_WHAT TO WORK ON_
Line for line, return the data exactly, omitting all pictures.

_DATASET CONTENT_
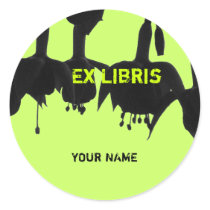Ex Libris - Flowers (Bells) Runde Sticker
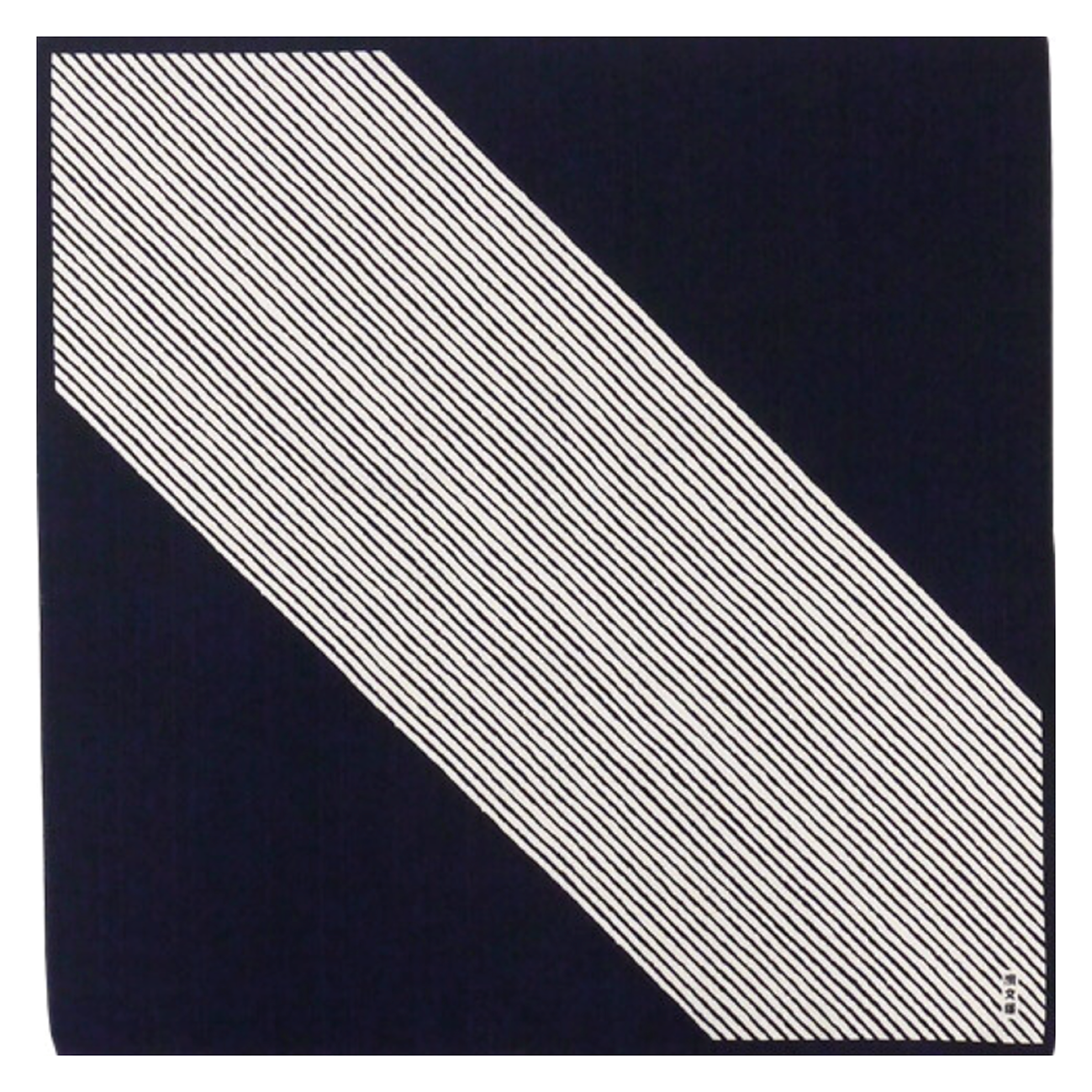 Furoshiki Hanky - Navy Stripes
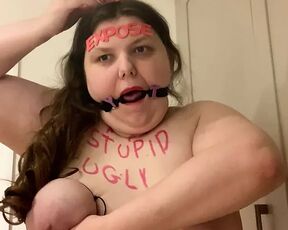 Fat pig slut exposed humiliation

_RESULT OF THE EXERCISE_
Ex Libris - Flowers (Bells) Runde Sticker
 Furoshiki Hanky - Navy Stripes
 Fat pig slut exposed humiliation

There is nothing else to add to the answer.